Team Gina - ...usually entertaining.
Yeah, that about covers it.
Katz (from ABC) was eloquent and funny. He combined spoken word with video. He spoke about the time he stood by an anti-abortion protest with a sign reading "don't listen to these haters," then realized that there might be someone doing exactly the same thing at a pro-abortion protest, realiveng that this was silly, and wondering so how do we get along with each-other? This is when I started clapping (alone). He also stopped halfway through one of his pieces to say that he thought that the original wording might be kinda sexist, so he changed the words - and then he did it again with the different version which didn't sound as good. Bold.
He covered a variety of topics, and was critical, humorous and, when appropriate, self-implicating. Good social criticism. He made me think. Cheers. Worth my time and dollar. Go see him.

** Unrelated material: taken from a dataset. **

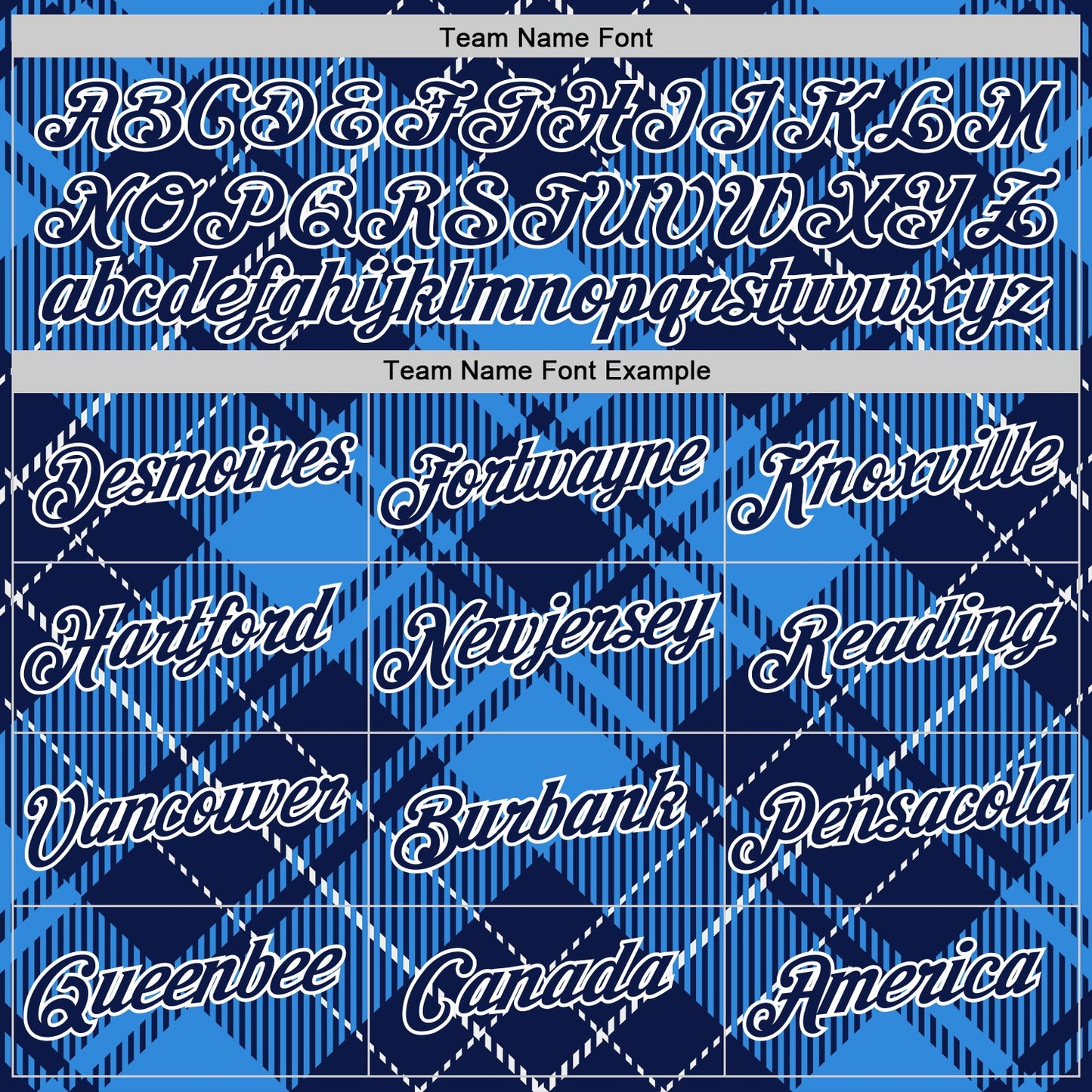 Custom Navy White-Powder Blue Scotland Plaid Performance T-Shirt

Team Gina also made me think, but mostly because I required a period of introspection to figure out why it bothered me. TG was a spoken word slash hip-hop act with synchronized dance. And stage-right-Gina had a tattoo that spelled out "13" in Mayan, which gets a point. But it was... whiny. The kind of whiny you get when well-to-do folks hang out in left-wing circles where you're supposed to be "oppressed" before being taken seriously.
There is a certain irony when a hip-hop dance team (where one member has an anthropology degree and the other is a professional artist) complaining about thirteen year old White boys emulating gangsta. Or complaining about said boys when what they're describing makes it pretty clear that the kid is not bothering them in any way; and is coming from a fucked-up family.
The piece about straight guys made me realize that I was sitting next to a straight (or bi?) (trans-) guy who would never do any of the things that they were kvetching about. Nor would any of the straight (cis) guys that I hang around with. And what they were complaining about wasn't that bad - it was a rude comment, much as heard by anyone who breaks with the social norm whether it's on the grounds of sexual orientation, or religion, or occuption, or familial composition. It sounds more to one of the social problems that develops when you hang around in homogendered (or homo-religious/occupational/hobbyist/ethnic) social circles: you forget why others act the way they do, forget how to deal with it (because you don't have to deal with it, you just have to walk back to your bubble), and start blanket labelling - and by escheving friendly social contact, you're not left with many positive interactions.
Still. Fun. Good as a warm-up act, not a full piece.
Re: "Deserve's got nothin' to do with it"
Date: 2007-04-10 04:20 am (UTC)1) Alturism - not that people shouldn't be thanked for 'good works', but that you should do 'good works' for the sake of the work, not your ego/rewards.
2) That though I think that minorities need to open up a place for the 'majority' to ally themselves with minorities, it shouldn't mean editing our experiences, lives, and feelings about being a minority, and that the 'majority' members should recognize that b/c they do not have an understanding of what it means to be in the minority, or a specific minority, that it will take a certain amount of listening, humility, empathy, education and hard work to become a trusted ally. Basically, it's good for the soul for a priviledged person to be an outsider, and need to learn new norms and perspectives, and being an ally can be a part of that process.